The problem comes when The Base feels heard. Ted Cruz, for all his recent dramatics, was a fairly well controlled demon: he could appeal to the GOP Base's appetite for war--but (a) his power was limited and (b) there was only so far he, himself, was willing to go (he voted for the TPP, for example). Cruz wasn't running a scorched earth campaign.

But he is now. He has to. Anyone up against Trump--except maybe Jeb, who is not appealing to The Base--has to. This is because while news like the boy scouts re-alignment continues to dribble in, and real-politik demands that the Senate do things like pass the Iran deal (which may or may not happen--but the vote on this really happened a while back)--and the Highway Bill (needed infrastructure) then conservatives who only see things in terms of pro-Obama or anti-Obama will feel continually defeated and victimized.

The fact that their leaders really cannot protect them from these things has never, ever been explained to them. From every blog-writer and talk-radio host to every Fox News talking head, people who are directly interacting with The Base have told them what they wanted--needed--to hear: that there was hope so long as their leaders were rock-ribbed enough.

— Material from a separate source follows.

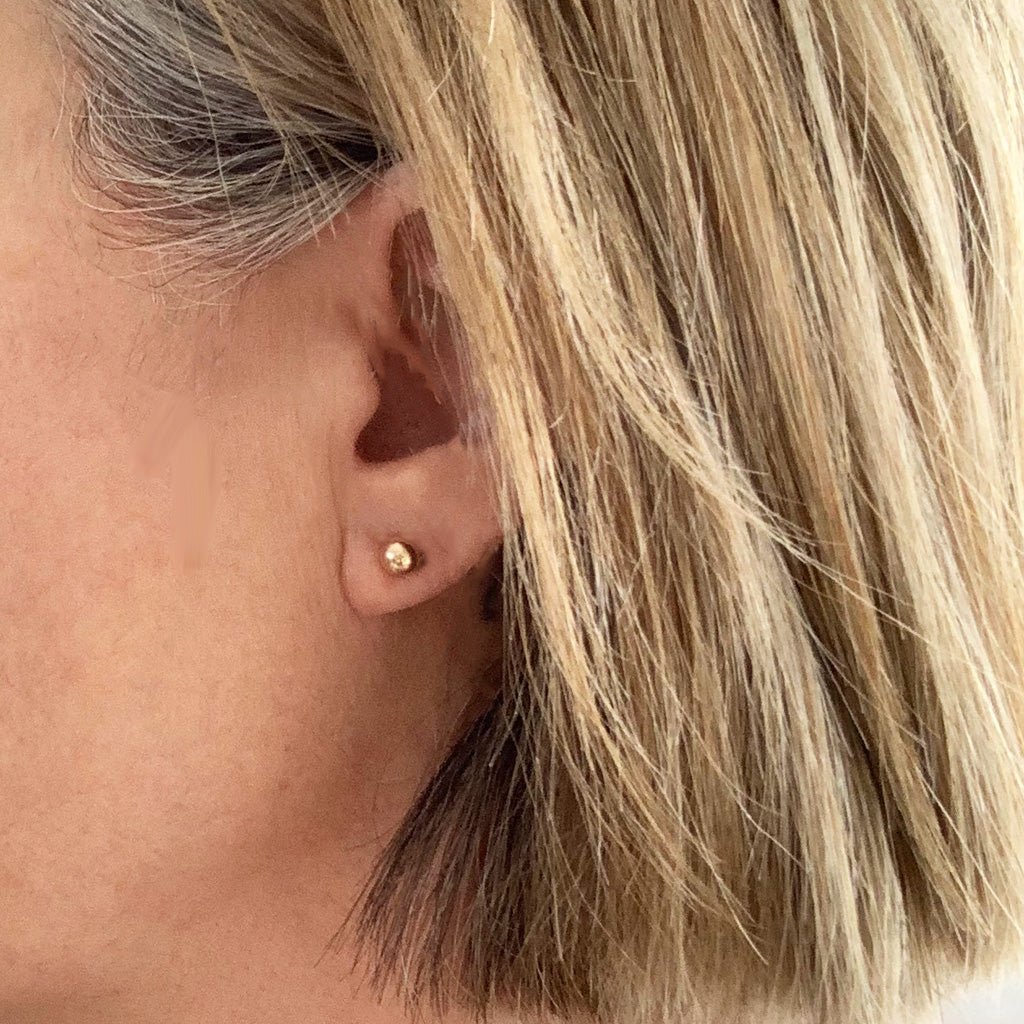 Ball Stud Earrings - 10K Solid Gold - Adorned by Ruth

They were never told their perspective on governing was basically unworkable. They were never told that the GOP housed some serious racists under its big-tent. This could never be said because it would be fatally wounding. The problem is that now The Base has a champion in Donald Trump: and he's thus far found a way to say exactly what they want to hear. This makes him very, very unpopular with a lot of people--but for an enraged base, they either have to hear it from their leaders--or they'll keep supporting Trump.

And that's the problem: what they want to hear isn't actually a governing solution. What the Mark Levins and Rush Limbaughs of the world (and even to a smaller degree the Jazz Shaws and Noah Rothmans) have been selling is a fantasy of righteous victimization and coming (always coming) dominance when Their Leaders are finally empowered.

Well, that's what Trump is--empowered, conservative (real or not, he's hitting all the right notes)--and now . . . they don't like it.

Who would have thought it??

A Note On Trump 'Raping' His Wife

The Omnivore is pretty sure that the latest Trump-tastrophe of his ex-wife saying she felt violated by him and Trump's lawyer saying "you can't rape your wife" won't bring him down. Why not? Well, folks, two reasons:
  1. Trump didn't say it--and like it or not, that matters. After all, much as we might like to think it would, Obama's pastor saying all kinds of anti-American bullshit didn't bring him down. Voters who like a candidate will dismiss/forgive anything that didn't come directly out of their mouth . . . and even then . . . 
  2. The Omnivore suspects that The Base either agrees that you can't really rape your wife (or, at least, that your wife feeling "violated"--but not in a criminal sense--doesn't count).
In any event, this will be solid gold with the women's vote next November--no matter how it plays out. Especially as The Omnivore thinks that with a non-negligible sub-set of Trump supporters, this window into Trump's gender relations will probably help him.

1 comment:

  1. So the next entry in this series might be titled "What to do about the Base?", as that is the real challenge facing the Right. 'Compromise' not in the Base's lexicon, though maybe 'Divorce' is...going to go refill my popcorn bowl now.